=== Begin Enclosure ===

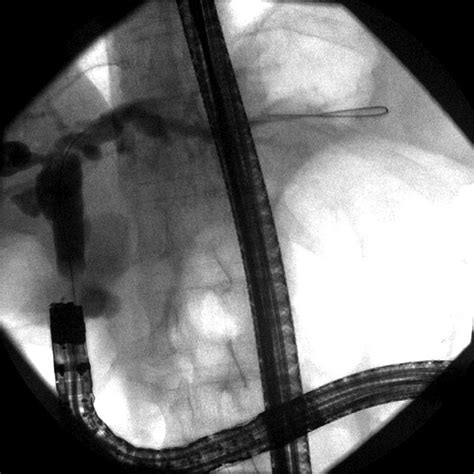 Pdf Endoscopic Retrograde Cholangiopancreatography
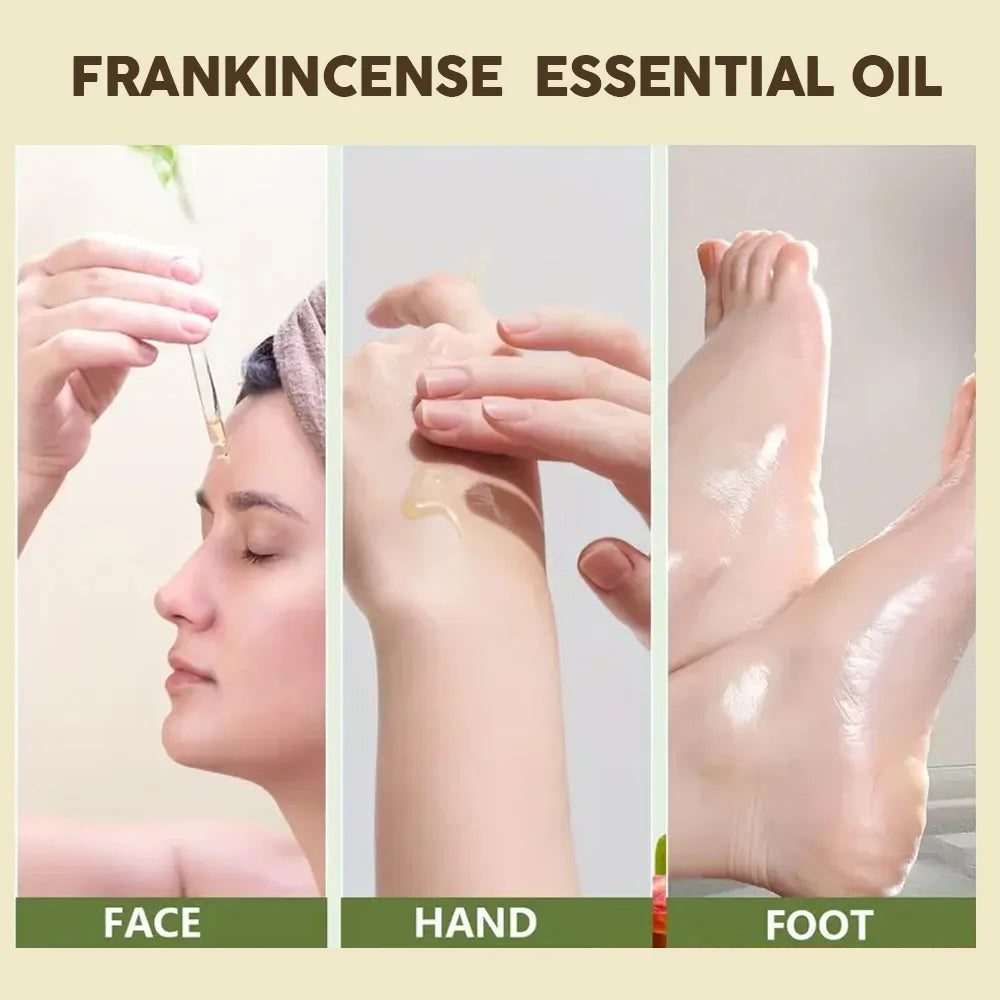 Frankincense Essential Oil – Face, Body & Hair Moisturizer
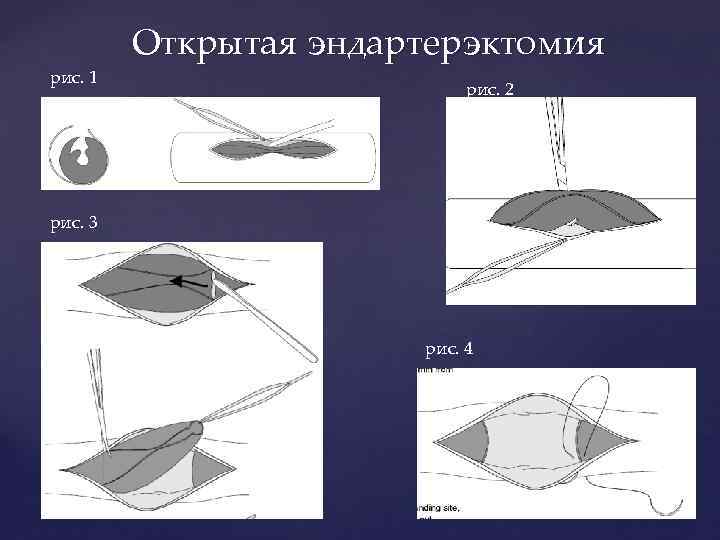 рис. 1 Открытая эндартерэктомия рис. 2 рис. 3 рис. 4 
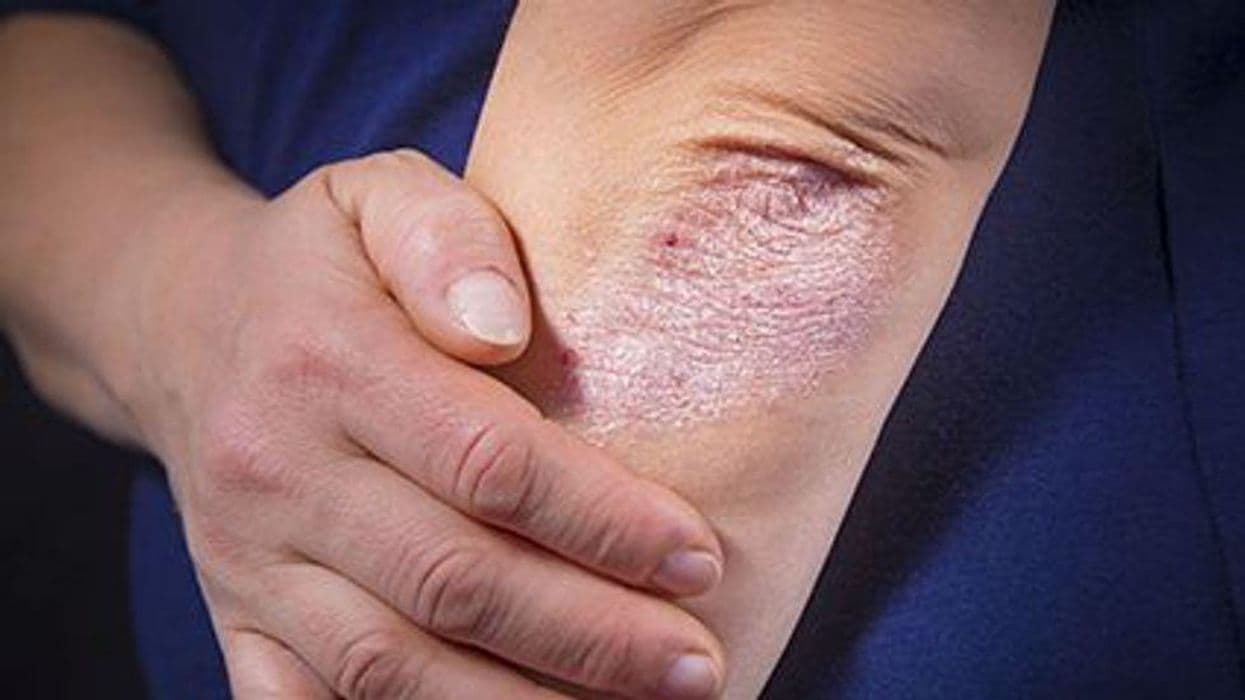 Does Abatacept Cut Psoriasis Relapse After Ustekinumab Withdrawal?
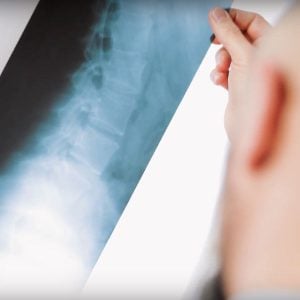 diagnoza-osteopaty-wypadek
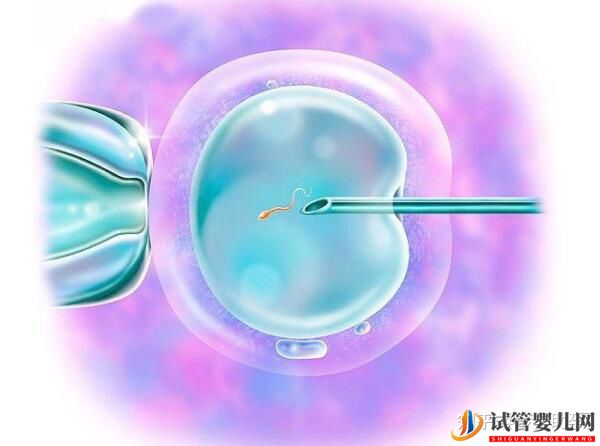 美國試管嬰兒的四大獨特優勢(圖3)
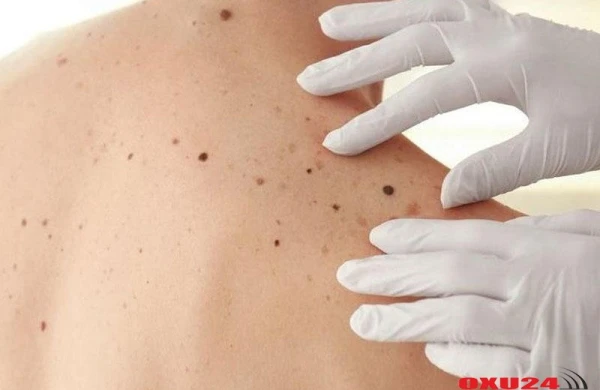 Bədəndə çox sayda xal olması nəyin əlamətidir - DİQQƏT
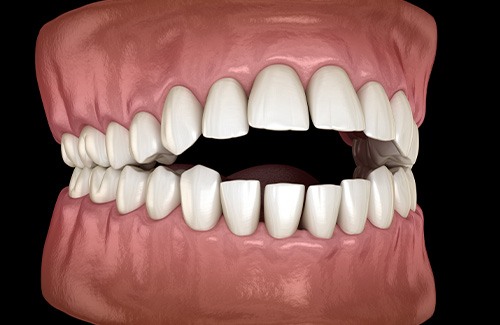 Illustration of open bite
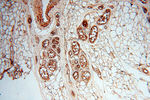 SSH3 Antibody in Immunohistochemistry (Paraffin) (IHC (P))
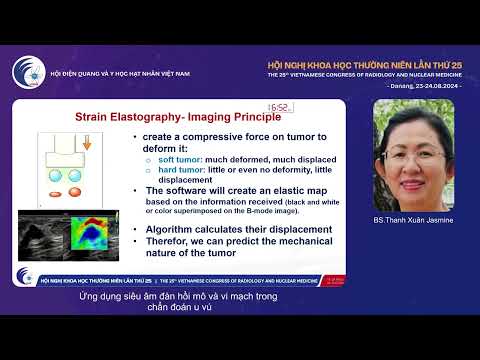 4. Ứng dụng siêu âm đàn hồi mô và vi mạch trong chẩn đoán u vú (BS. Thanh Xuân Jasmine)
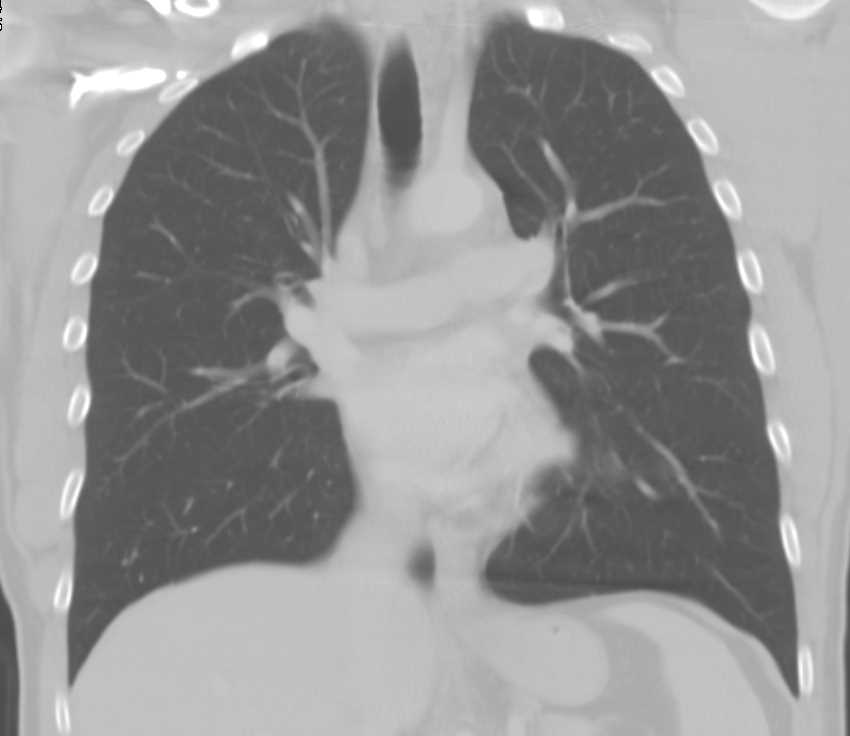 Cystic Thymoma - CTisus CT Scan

=== End Enclosure ===

▸ **PROBLEM REQUIREMENTS**: Every line above must appear in the answer unchanged, and no picture may appear in it.

▸ **RESPONSE FOR THIS EXERCISE**:
 Pdf Endoscopic Retrograde Cholangiopancreatography
 Frankincense Essential Oil – Face, Body & Hair Moisturizer
 рис. 1 Открытая эндартерэктомия рис. 2 рис. 3 рис. 4 
 Does Abatacept Cut Psoriasis Relapse After Ustekinumab Withdrawal?
 diagnoza-osteopaty-wypadek
 美國試管嬰兒的四大獨特優勢(圖3)
 Bədəndə çox sayda xal olması nəyin əlamətidir - DİQQƏT
 Illustration of open bite
 SSH3 Antibody in Immunohistochemistry (Paraffin) (IHC (P))
 4. Ứng dụng siêu âm đàn hồi mô và vi mạch trong chẩn đoán u vú (BS. Thanh Xuân Jasmine)
 Cystic Thymoma - CTisus CT Scan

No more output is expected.